> Problem details
Every line of the material below needs to be copied exactly; omit the pictures.

> Given material
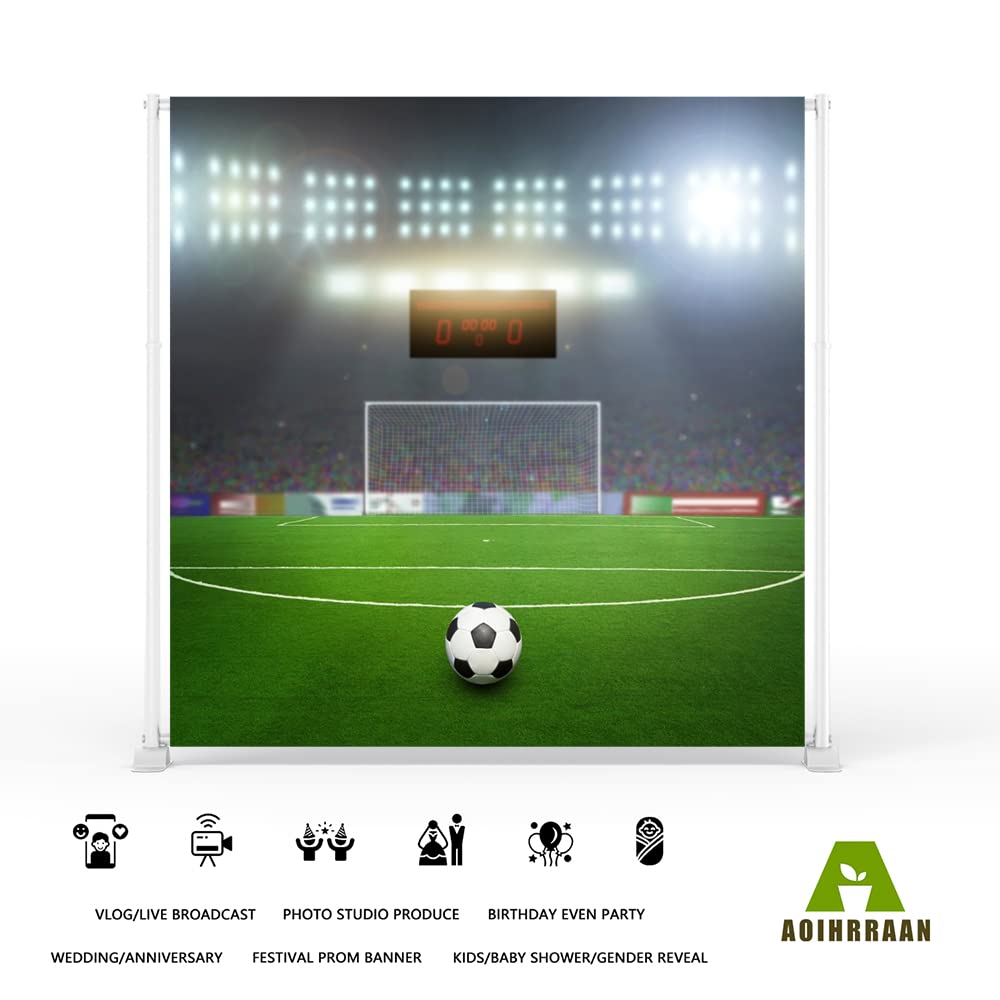 Aoihrraan 3x3m Calcio Campo Sfondo Scuola Stadio Calcio Partita Sport Tema Fotografia Sfondo Ragazzi Compleanno Festa Palestra Club Poster Video Ritratto Decorazione Banner Foto Studio Prop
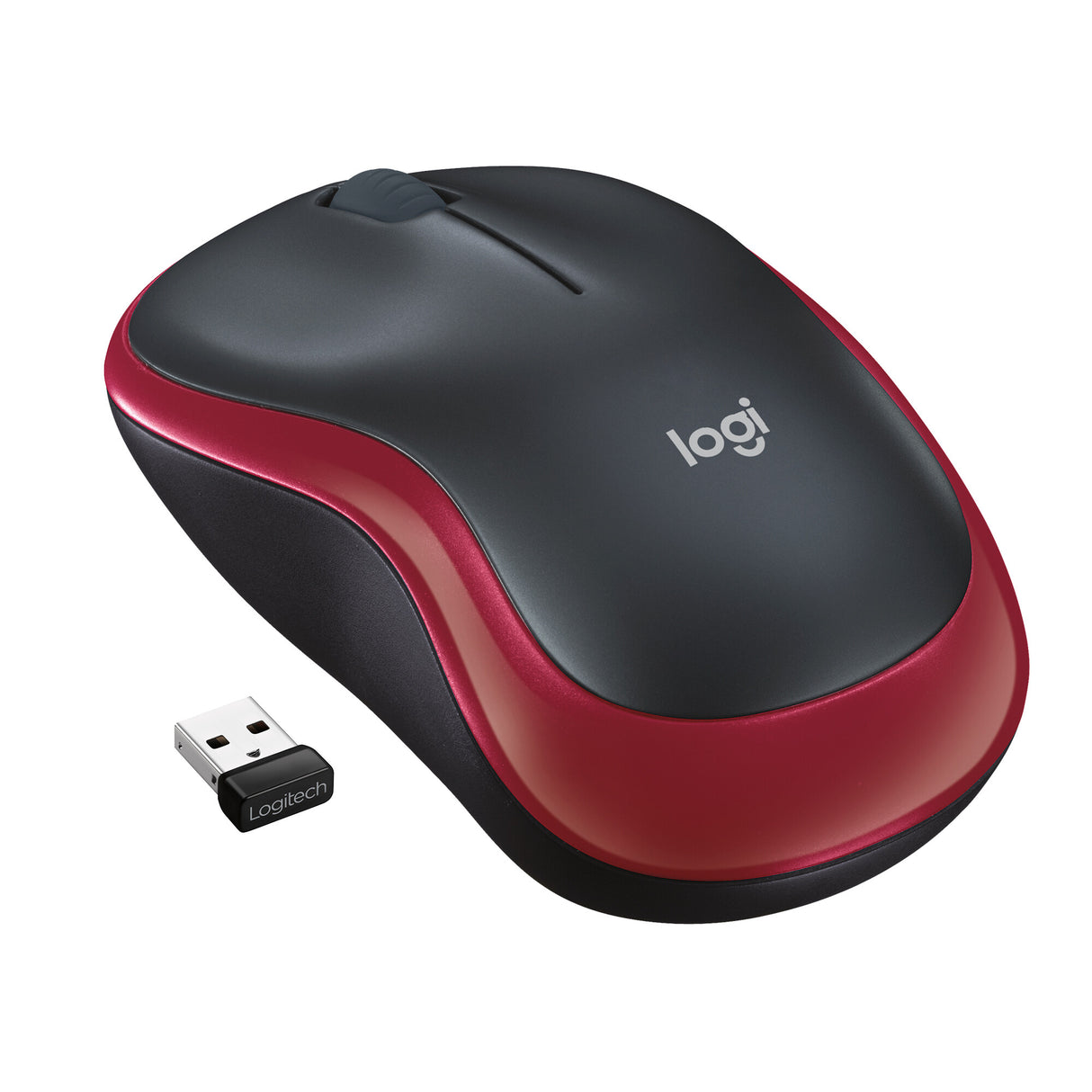 Logitech M185 Ratón Inalámbrico para Portátil, Nano Receptor USB, Negro/Rojo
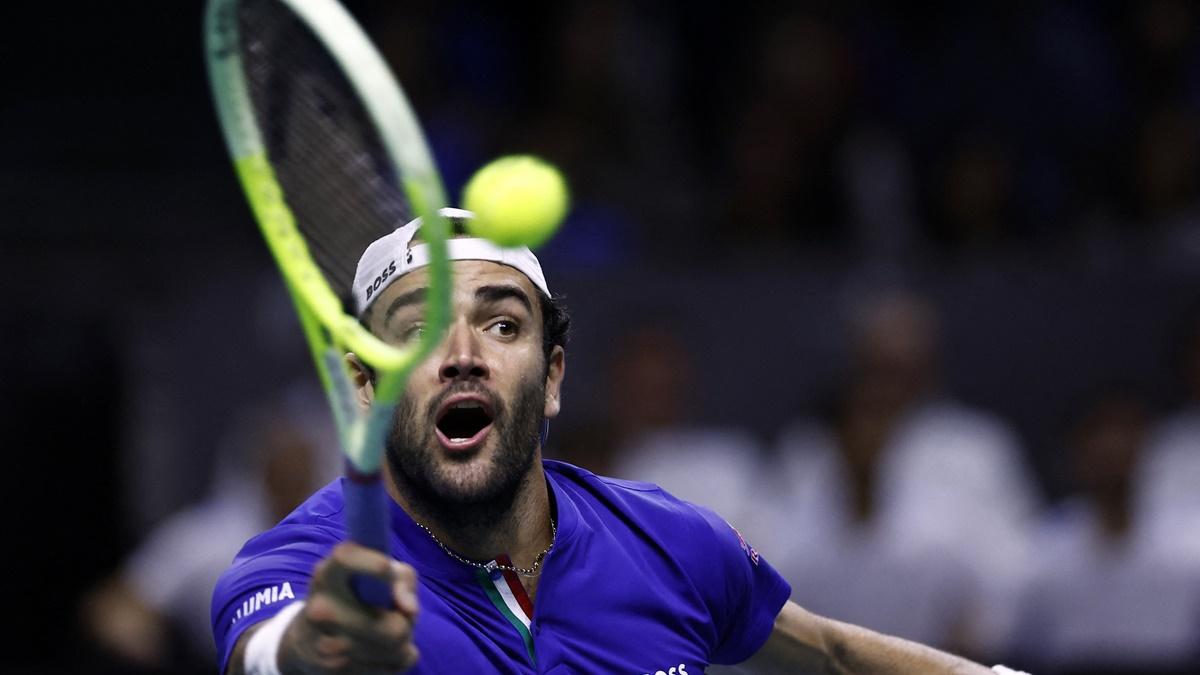 Matteo Berrettini in action during his singles match against Botic Van De Zandschulp.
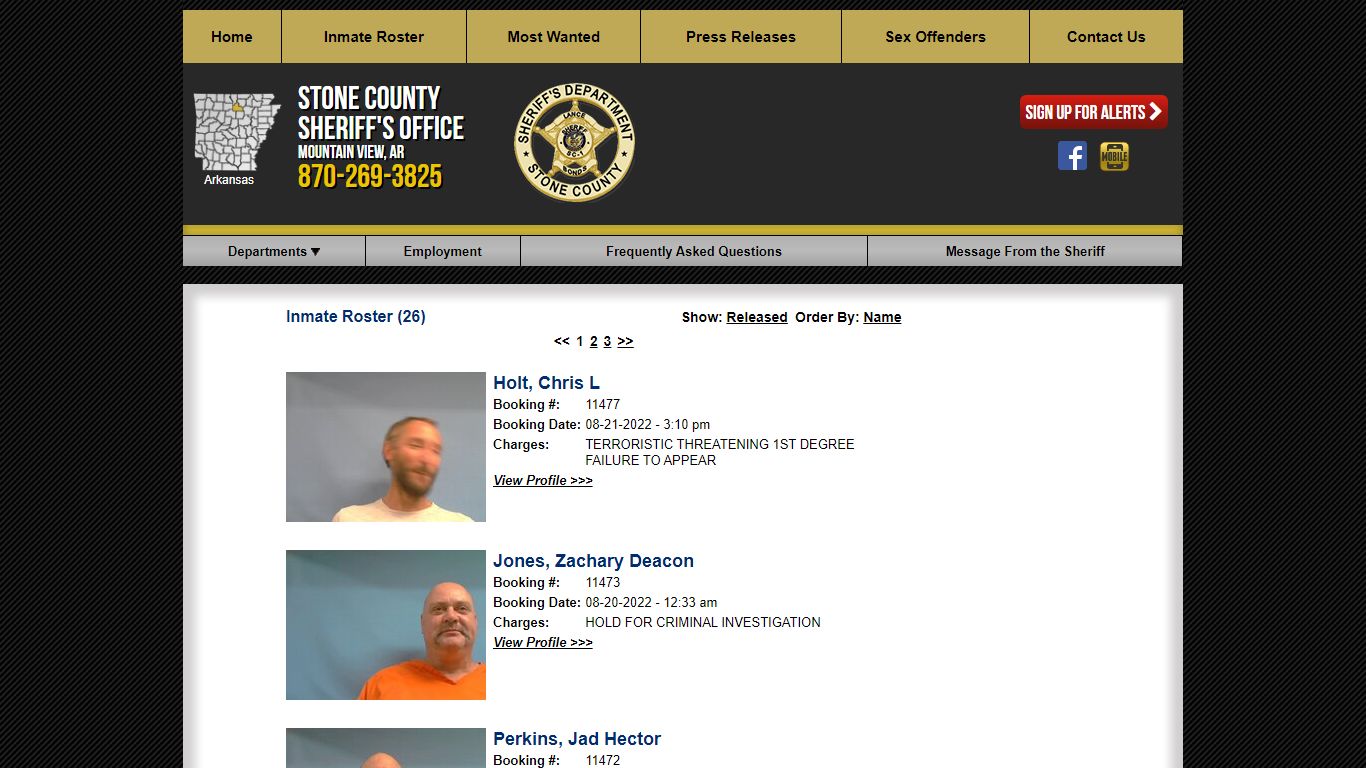 Inmate Roster (22) - Stone County Sheriff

> Answer
 Aoihrraan 3x3m Calcio Campo Sfondo Scuola Stadio Calcio Partita Sport Tema Fotografia Sfondo Ragazzi Compleanno Festa Palestra Club Poster Video Ritratto Decorazione Banner Foto Studio Prop
 Logitech M185 Ratón Inalámbrico para Portátil, Nano Receptor USB, Negro/Rojo
 Matteo Berrettini in action during his singles match against Botic Van De Zandschulp.
 Inmate Roster (22) - Stone County Sheriff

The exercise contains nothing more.